> _WHAT YOU ARE ASKED TO DO_
A complete, word-for-word restatement of the entries is needed.

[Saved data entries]
· · ·
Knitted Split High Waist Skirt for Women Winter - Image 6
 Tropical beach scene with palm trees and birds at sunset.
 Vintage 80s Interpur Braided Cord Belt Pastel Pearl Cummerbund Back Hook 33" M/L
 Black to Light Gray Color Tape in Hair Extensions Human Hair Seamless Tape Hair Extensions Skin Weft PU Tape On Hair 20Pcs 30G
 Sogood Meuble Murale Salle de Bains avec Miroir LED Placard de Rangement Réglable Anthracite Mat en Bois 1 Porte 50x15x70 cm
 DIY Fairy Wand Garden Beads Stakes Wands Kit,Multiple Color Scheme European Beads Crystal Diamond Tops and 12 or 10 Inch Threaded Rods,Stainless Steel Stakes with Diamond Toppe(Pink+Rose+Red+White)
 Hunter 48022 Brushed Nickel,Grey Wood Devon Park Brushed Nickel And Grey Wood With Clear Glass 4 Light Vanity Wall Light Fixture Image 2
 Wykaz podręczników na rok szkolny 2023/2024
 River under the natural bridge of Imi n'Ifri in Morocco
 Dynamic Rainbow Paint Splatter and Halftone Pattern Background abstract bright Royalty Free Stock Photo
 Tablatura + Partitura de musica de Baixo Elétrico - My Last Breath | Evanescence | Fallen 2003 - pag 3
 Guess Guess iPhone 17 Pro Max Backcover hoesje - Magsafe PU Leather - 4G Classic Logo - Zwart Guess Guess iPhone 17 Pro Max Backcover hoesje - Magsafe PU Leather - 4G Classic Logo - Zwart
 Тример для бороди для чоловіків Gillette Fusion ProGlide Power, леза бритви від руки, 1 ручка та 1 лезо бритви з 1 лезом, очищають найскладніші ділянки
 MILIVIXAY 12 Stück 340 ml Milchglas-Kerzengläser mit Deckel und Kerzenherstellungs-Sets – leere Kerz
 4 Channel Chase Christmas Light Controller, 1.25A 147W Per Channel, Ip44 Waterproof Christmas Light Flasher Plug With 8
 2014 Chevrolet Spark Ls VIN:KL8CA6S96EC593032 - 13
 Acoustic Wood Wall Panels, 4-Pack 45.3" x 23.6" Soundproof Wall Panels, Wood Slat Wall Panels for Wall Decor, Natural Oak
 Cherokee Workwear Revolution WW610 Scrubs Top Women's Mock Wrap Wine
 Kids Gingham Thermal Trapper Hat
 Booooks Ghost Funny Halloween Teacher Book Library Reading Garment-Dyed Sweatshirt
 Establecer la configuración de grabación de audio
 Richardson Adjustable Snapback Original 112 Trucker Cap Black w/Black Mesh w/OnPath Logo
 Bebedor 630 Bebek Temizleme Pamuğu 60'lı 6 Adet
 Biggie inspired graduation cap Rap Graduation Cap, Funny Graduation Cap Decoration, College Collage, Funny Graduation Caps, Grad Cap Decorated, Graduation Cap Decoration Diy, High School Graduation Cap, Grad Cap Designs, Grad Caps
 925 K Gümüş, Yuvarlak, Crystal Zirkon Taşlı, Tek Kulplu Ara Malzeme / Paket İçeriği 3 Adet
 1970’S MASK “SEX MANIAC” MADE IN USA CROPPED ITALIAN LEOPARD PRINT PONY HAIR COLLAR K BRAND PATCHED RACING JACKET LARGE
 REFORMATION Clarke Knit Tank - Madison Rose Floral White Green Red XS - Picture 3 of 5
· · ·
> _THE COMPLETED TASK_
Knitted Split High Waist Skirt for Women Winter - Image 6
 Tropical beach scene with palm trees and birds at sunset.
 Vintage 80s Interpur Braided Cord Belt Pastel Pearl Cummerbund Back Hook 33" M/L
 Black to Light Gray Color Tape in Hair Extensions Human Hair Seamless Tape Hair Extensions Skin Weft PU Tape On Hair 20Pcs 30G
 Sogood Meuble Murale Salle de Bains avec Miroir LED Placard de Rangement Réglable Anthracite Mat en Bois 1 Porte 50x15x70 cm
 DIY Fairy Wand Garden Beads Stakes Wands Kit,Multiple Color Scheme European Beads Crystal Diamond Tops and 12 or 10 Inch Threaded Rods,Stainless Steel Stakes with Diamond Toppe(Pink+Rose+Red+White)
 Hunter 48022 Brushed Nickel,Grey Wood Devon Park Brushed Nickel And Grey Wood With Clear Glass 4 Light Vanity Wall Light Fixture Image 2
 Wykaz podręczników na rok szkolny 2023/2024
 River under the natural bridge of Imi n'Ifri in Morocco
 Dynamic Rainbow Paint Splatter and Halftone Pattern Background abstract bright Royalty Free Stock Photo
 Tablatura + Partitura de musica de Baixo Elétrico - My Last Breath | Evanescence | Fallen 2003 - pag 3
 Guess Guess iPhone 17 Pro Max Backcover hoesje - Magsafe PU Leather - 4G Classic Logo - Zwart Guess Guess iPhone 17 Pro Max Backcover hoesje - Magsafe PU Leather - 4G Classic Logo - Zwart
 Тример для бороди для чоловіків Gillette Fusion ProGlide Power, леза бритви від руки, 1 ручка та 1 лезо бритви з 1 лезом, очищають найскладніші ділянки
 MILIVIXAY 12 Stück 340 ml Milchglas-Kerzengläser mit Deckel und Kerzenherstellungs-Sets – leere Kerz
 4 Channel Chase Christmas Light Controller, 1.25A 147W Per Channel, Ip44 Waterproof Christmas Light Flasher Plug With 8
 2014 Chevrolet Spark Ls VIN:KL8CA6S96EC593032 - 13
 Acoustic Wood Wall Panels, 4-Pack 45.3" x 23.6" Soundproof Wall Panels, Wood Slat Wall Panels for Wall Decor, Natural Oak
 Cherokee Workwear Revolution WW610 Scrubs Top Women's Mock Wrap Wine
 Kids Gingham Thermal Trapper Hat
 Booooks Ghost Funny Halloween Teacher Book Library Reading Garment-Dyed Sweatshirt
 Establecer la configuración de grabación de audio
 Richardson Adjustable Snapback Original 112 Trucker Cap Black w/Black Mesh w/OnPath Logo
 Bebedor 630 Bebek Temizleme Pamuğu 60'lı 6 Adet
 Biggie inspired graduation cap Rap Graduation Cap, Funny Graduation Cap Decoration, College Collage, Funny Graduation Caps, Grad Cap Decorated, Graduation Cap Decoration Diy, High School Graduation Cap, Grad Cap Designs, Grad Caps
 925 K Gümüş, Yuvarlak, Crystal Zirkon Taşlı, Tek Kulplu Ara Malzeme / Paket İçeriği 3 Adet
 1970’S MASK “SEX MANIAC” MADE IN USA CROPPED ITALIAN LEOPARD PRINT PONY HAIR COLLAR K BRAND PATCHED RACING JACKET LARGE
 REFORMATION Clarke Knit Tank - Madison Rose Floral White Green Red XS - Picture 3 of 5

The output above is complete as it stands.